Over the past 12 months I have spent more time photographing landscapes in the UK. After visiting the Lake District back in April, I have been itching to climb a mountain during the winter in the hope of photographing sunrise in wintry conditions. With this goal in mind, I decided to pay a visit to Snowdonia last weekend and climb Snowdon for sunrise.
I generally find that no matter how much you plan a trip by researching locations and weather forecasts, getting the ideal conditions for a beautiful sunrise or sunset is generally 50/50. Or perhaps I’m just not that good at predicting them. In any case, I realised that spending only a weekend in Snowdonia was going to limit my opportunities and I was at the mercy of the weather.
On the evening I arrived the weather was quite clear and I decided to head over to Tryfan and look for compositions around there. I ended up shooting 4 or 5 landscape shots that I hadn’t otherwise planned or anticipated. I considered this to be a bonus and a warm up act for photographing sunrise on Snowdon the next day.
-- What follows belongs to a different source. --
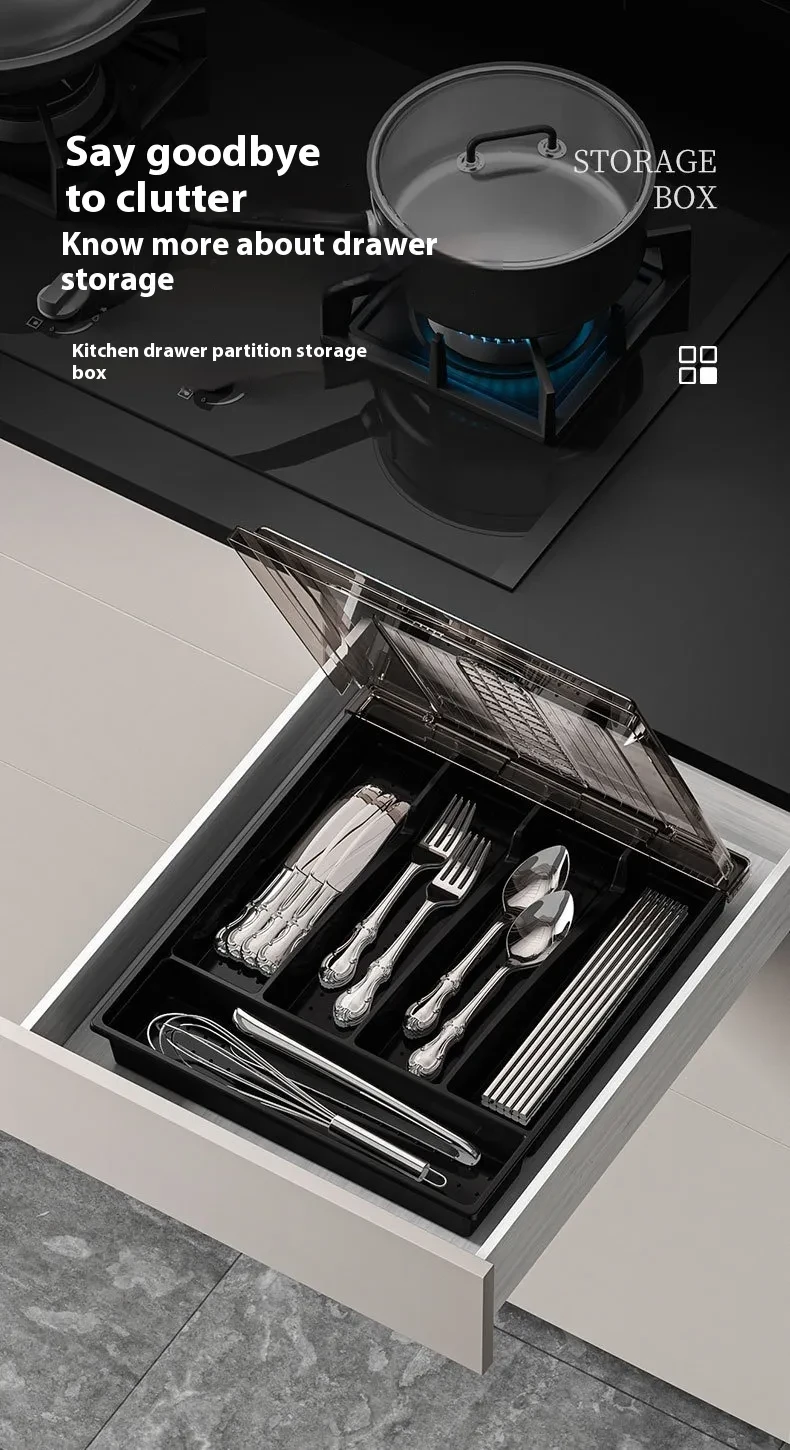 Tableware Storage Box Dustproof With Cover Kitchen Gadgets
Snowdon is a popular mountain with tourists and it has very accessible paths. It is however still a mountain and in winter the conditions for climbing it pose additional challenges and risks. I saw many people trying to climb Snowdon without crampons or ice axes, many of whom had to turn back. Sadly, a man died on the afternoon I was there when he slipped and fell from near the summit.
I set off from the Pen Y Pass car park at 3:30am and ascended via the Pyg Track. Initially it was raining and as I got higher this became freezing rain and snow began to appear under foot. I was very glad to have a good waterproof jacket, waterproof boots and crampons. The sun was due to rise at around 7:15am but despite the rain stopping, dense fog scuppered any chance to photograph the sunrise.
I watched the weather over the rest of the weekend and the summit of Snowdon remained in fog and conditions remained generally wet, so on this occasion a sunrise shot on Snowdon eluded me. I decided to head back to Tryfan the next day as the sun had come out and the skies were quite clear. Upon getting near to Tryfan I could see that the mountains had their heads in the clouds again so I kept driving and and headed over to Newborough on Anglesea and found a great location called Llanddwyn Island (Love Island). I spent a couple of hours here photographing a lighthouse called Twr Mawr.
The morale of this story is that if I hadn’t adapted my plans and taken advantage of opportunities that presented themselves, then I may well have come away without any usable images. While I didn’t get the shot I particularly wanted, I was rewarded with others that I hadn’t anticipated.